**Your task:**
In the material below, find the span from the line with "Eminence Patriot Ragin" to the line with "Hello! Valentine created by Anna Wardle" and transcribe only those lines, exactly, ends included, without the pictures.

**Data for review:**
◆ ◆ ◆

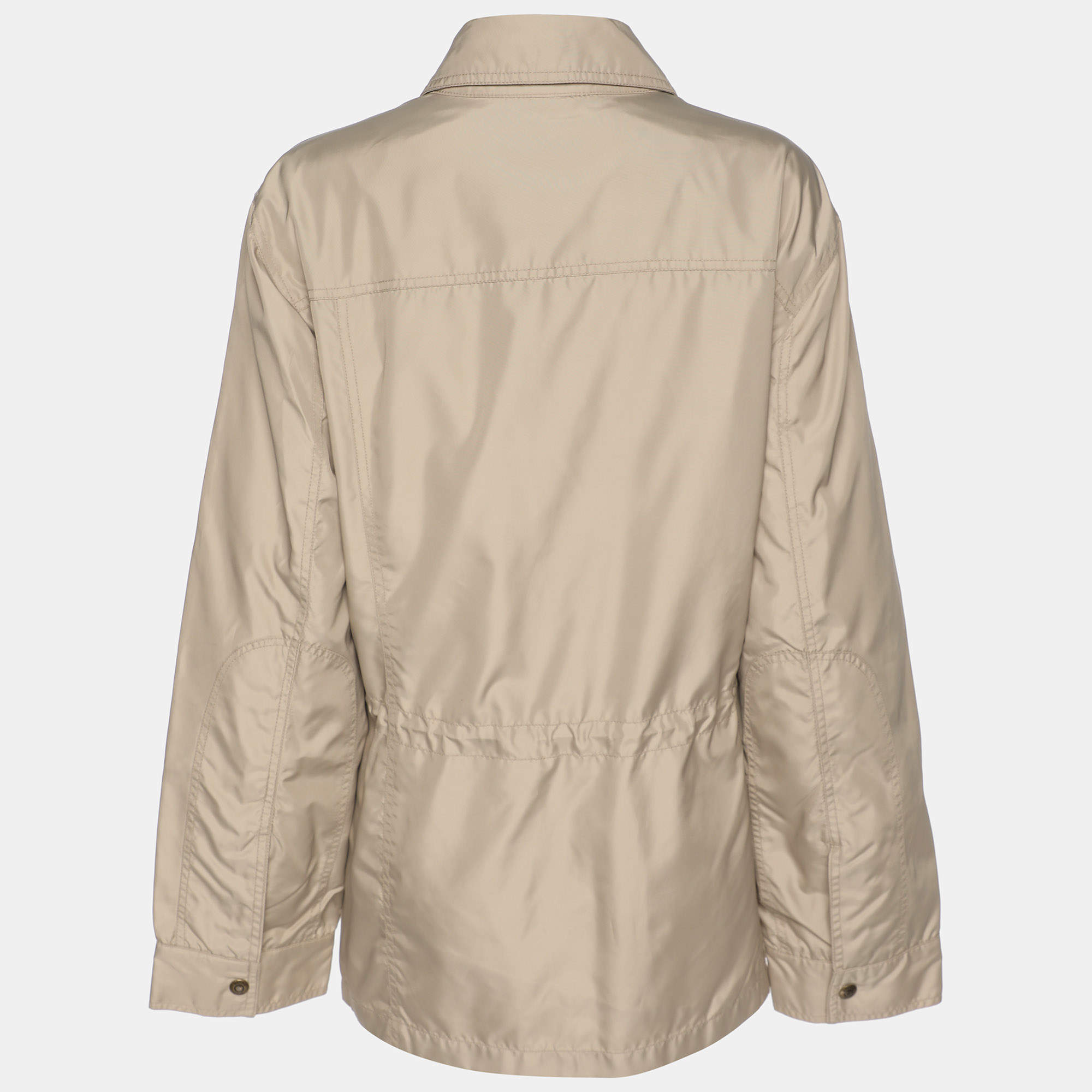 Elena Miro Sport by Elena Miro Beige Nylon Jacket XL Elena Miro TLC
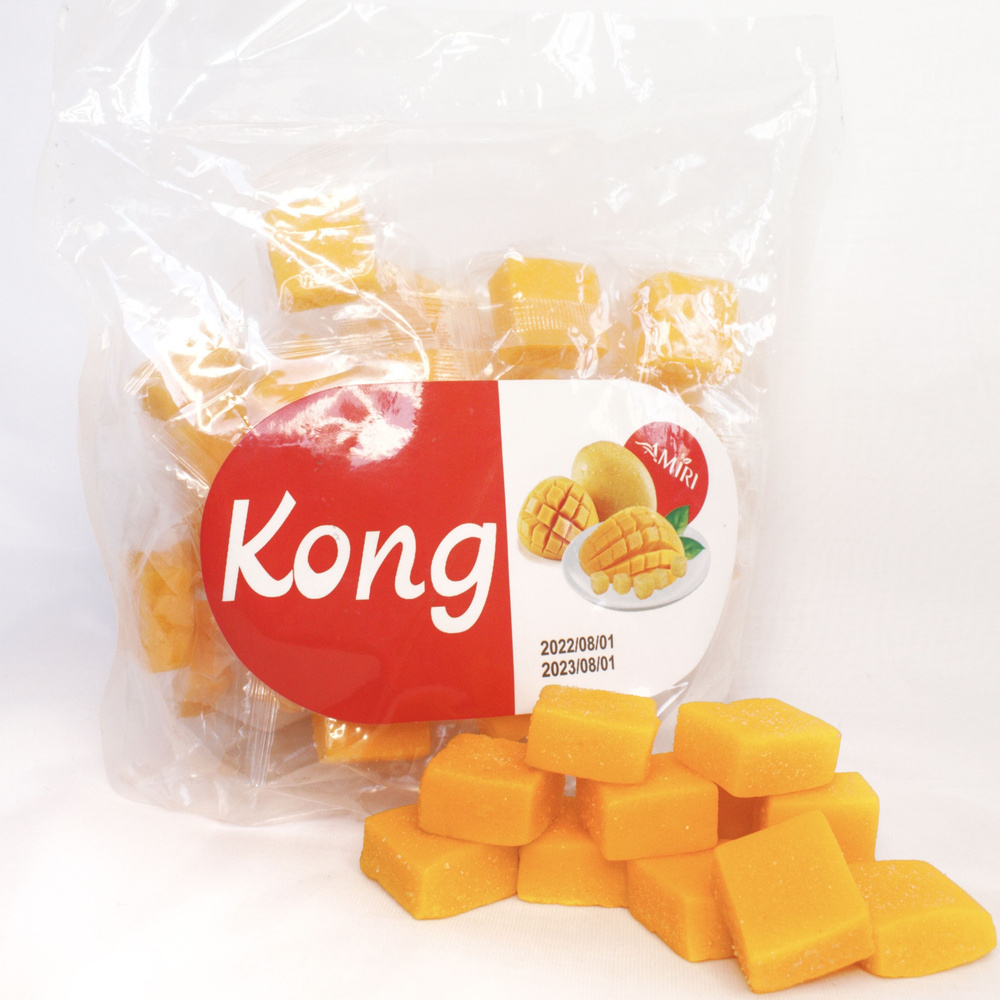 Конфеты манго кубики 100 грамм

◆ ◆ ◆

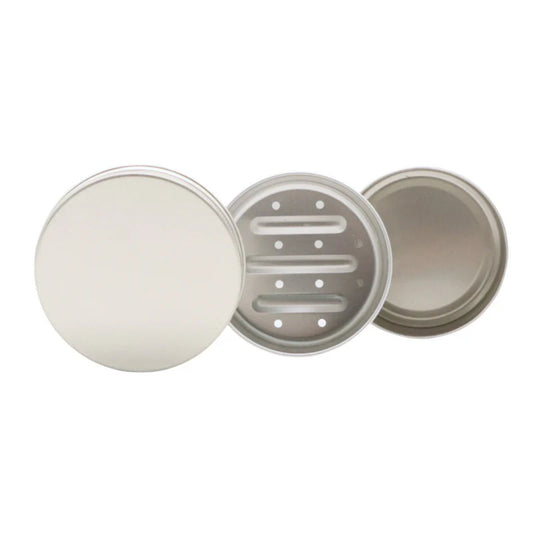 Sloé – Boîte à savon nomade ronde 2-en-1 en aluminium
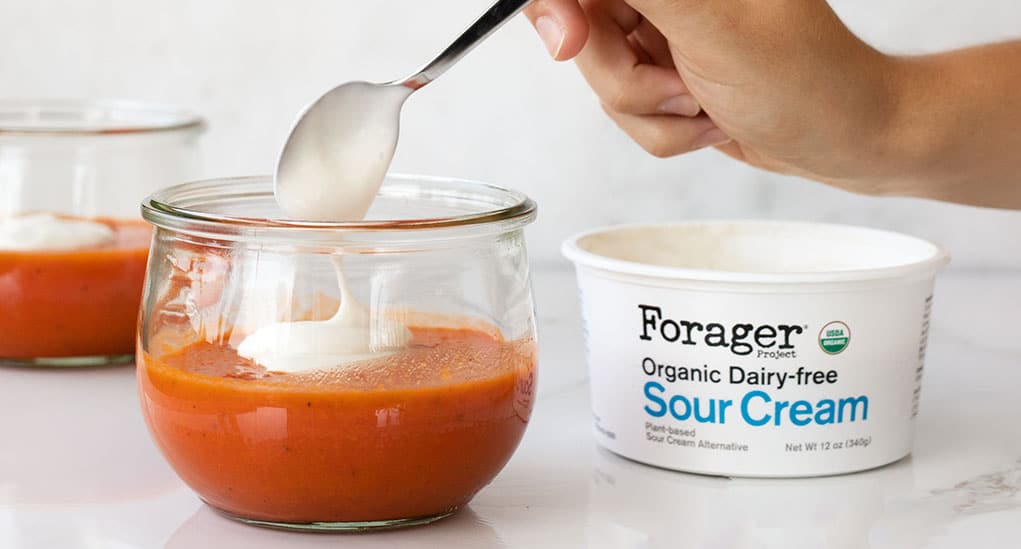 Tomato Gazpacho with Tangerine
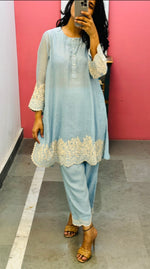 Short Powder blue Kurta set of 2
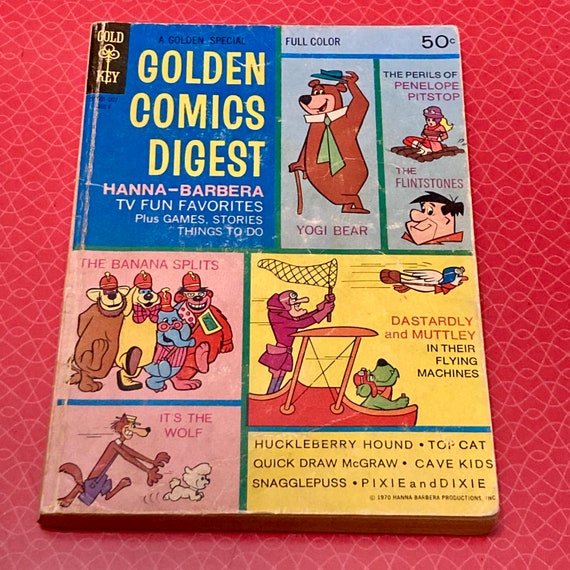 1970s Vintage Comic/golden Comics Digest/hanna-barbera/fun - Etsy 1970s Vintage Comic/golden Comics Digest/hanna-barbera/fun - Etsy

◆ ◆ ◆

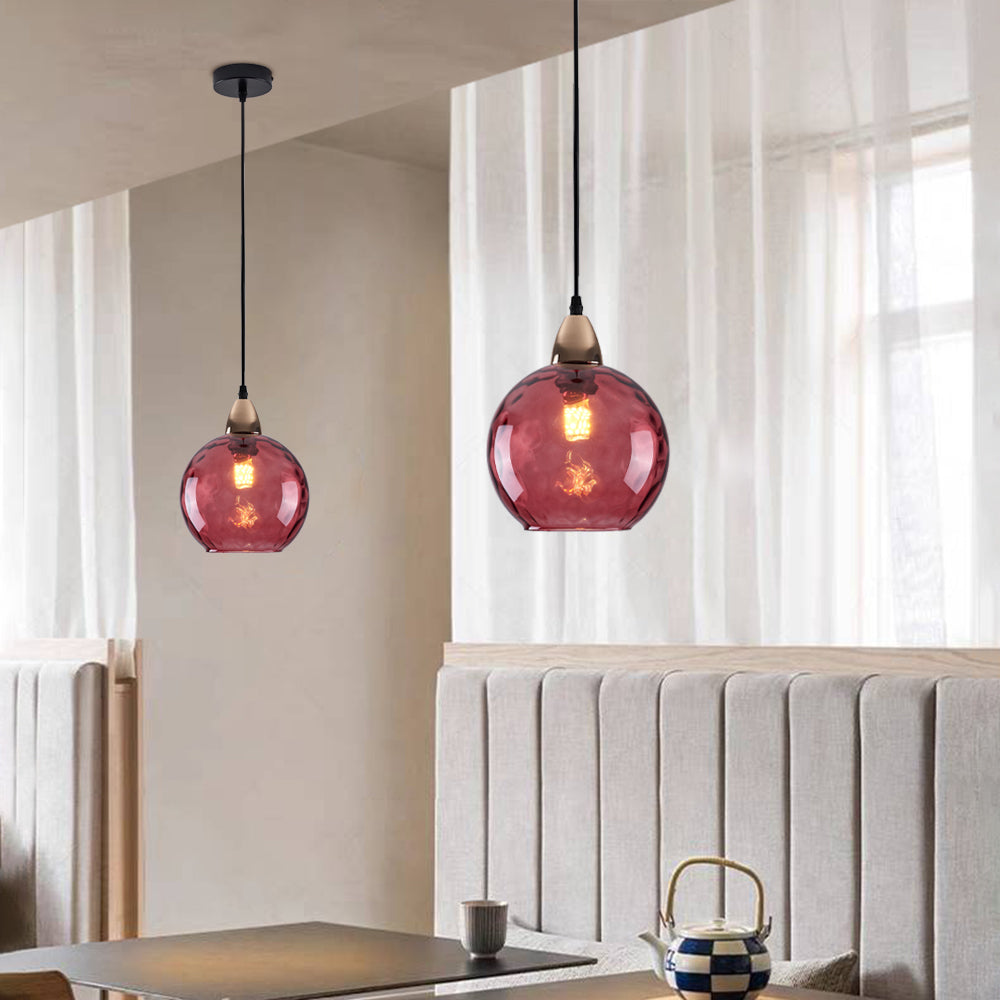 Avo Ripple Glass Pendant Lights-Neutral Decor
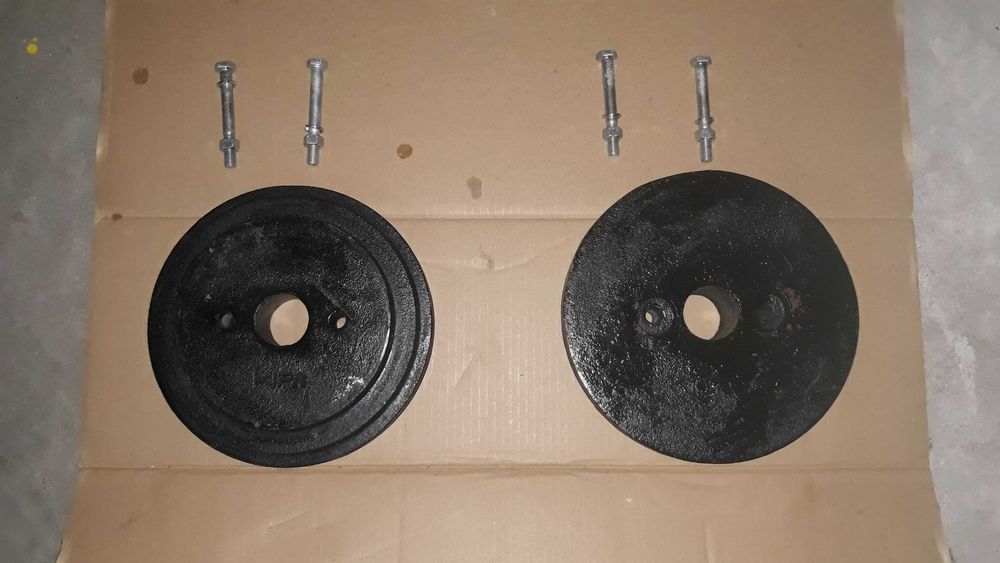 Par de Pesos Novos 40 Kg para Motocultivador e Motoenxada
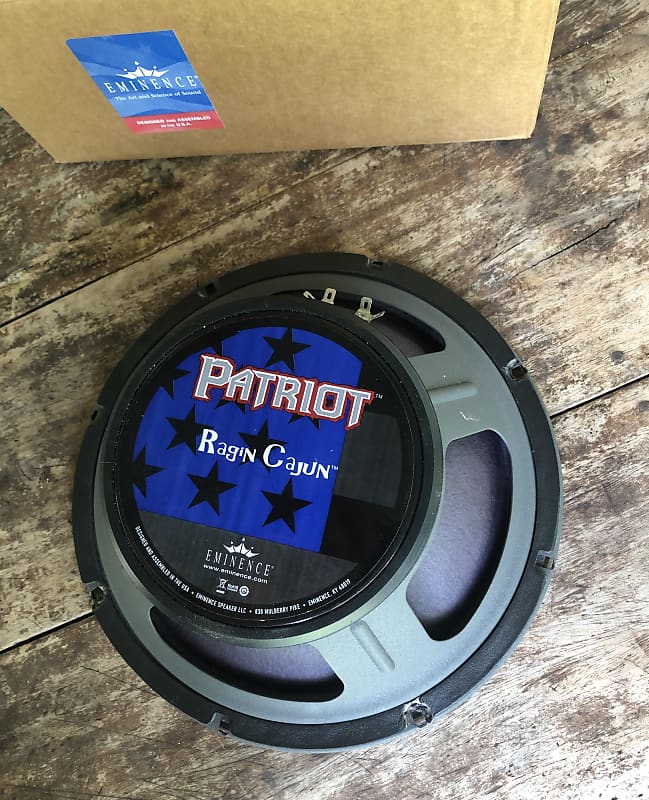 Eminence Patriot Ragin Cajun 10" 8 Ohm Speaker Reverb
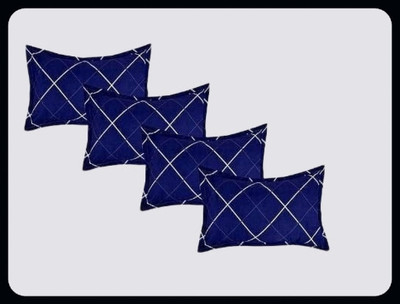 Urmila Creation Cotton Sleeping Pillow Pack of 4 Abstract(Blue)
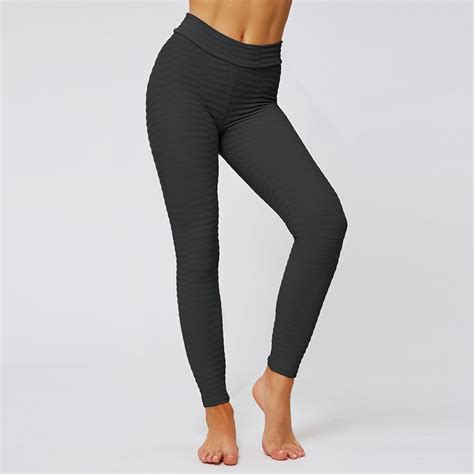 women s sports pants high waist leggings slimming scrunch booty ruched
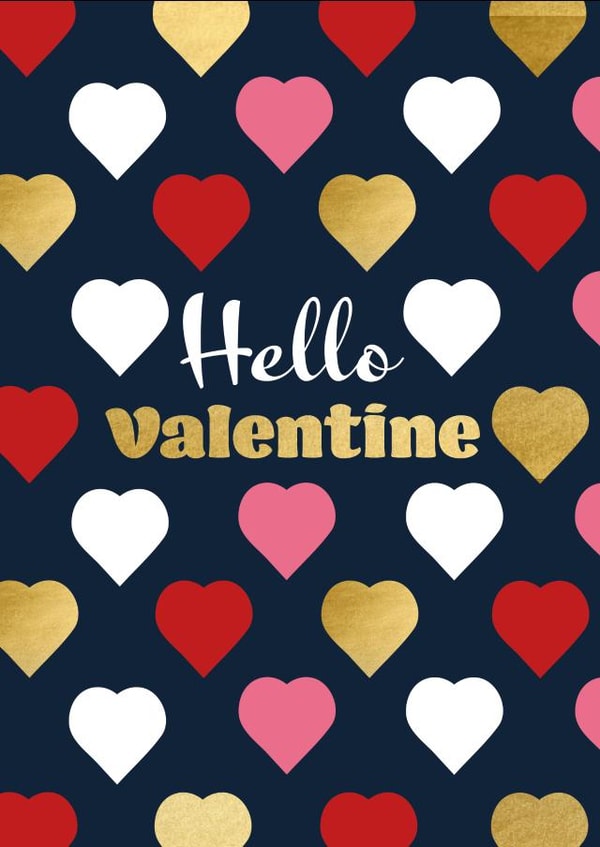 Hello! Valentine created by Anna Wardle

◆ ◆ ◆

**Expected answer:**
 Eminence Patriot Ragin Cajun 10" 8 Ohm Speaker Reverb
 Urmila Creation Cotton Sleeping Pillow Pack of 4 Abstract(Blue)
 women s sports pants high waist leggings slimming scrunch booty ruched
 Hello! Valentine created by Anna Wardle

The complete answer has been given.